Most Influential Person of the Decade

The Washington Post has been having one of those silly polls the last several days, asking “Which of these nominees had the greatest influence in shaping the past decade, either by changing how we live or by making the greatest impact on our culture?”


Kevin Drum can’t believe they didn’t include Alan Greenspan, which is a fair criticism, indeed.  But the brackets are beyond stupid even leaving that aside.

The top left bracket is a joke.  You’ve got the #1 seed, former President Bush, up against a guy who’s been Treasury Secretary for about five minutes, a bicycle racer, and a wealthy heiress best known for an Internet sex video.   Yeah, maybe they could have found a place for Greenspan.

The bottom left bracket, by contrast, is overstacked.  Dick Cheney deserved to be a #1 seed but so did Page & Brin.  Instead, they’re set up to have to face each other in the second round.

In the top right bracket, Barack Obama is a bracket buster, sure to garner a ton of votes because he’s President of the United States.  And, yes, simply getting elected to that office is a Big Deal, especially when you’re the First Black President.  But he’s been in that office less than a year and his only impact on the culture before that was a couple of speeches. Further, he’s paired against Hu Jintao, a man of whom most Americans have never heard.  And I’m not sure offhand that I could detail the impact he’s had on “our” culture.

So, Obama was guaranteed to get past the first round and then he’d face the winner of the face-off between a comedian and the CEO of a tech company.  Hello! At very least he should have had to face Page&Brin in the 1st round.

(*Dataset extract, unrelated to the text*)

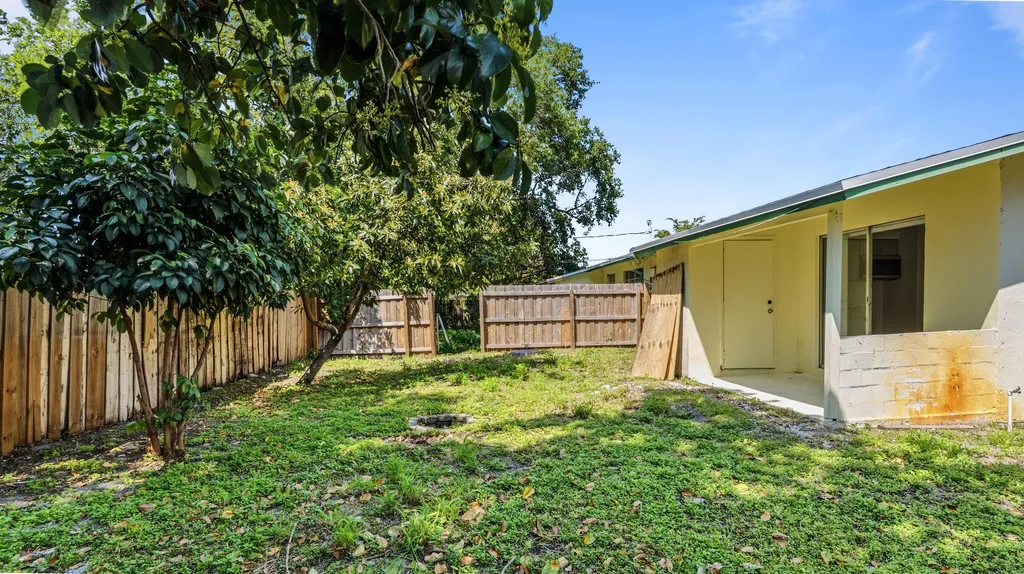4453 Stevens Road Lake Worth Beach FL 33461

The bottom right bracket is actually well set up.   Osama Bin Laden is a definite #1 seed and J.K. Rowling is a reasonable enough #2.  So, OBL facing Mark Zuckerberg (who?) and Rowling facing the tougher Al Gore is fair.

Ultimately, though, despite the poor seedings, the strongest challengers have made it to the finals:  Bush vs. Bin Laden.     It’s a tough call, since Bin Laden himself had so much impact on Bush’s presidency.   My money’s on Bush, though, since he started the decade out by winning in the most contested presidential campaign in modern American history, launched two wars, got re-elected, had the Katrina nightmare, and so forth.  Bin Laden was basically a one-hit wonder.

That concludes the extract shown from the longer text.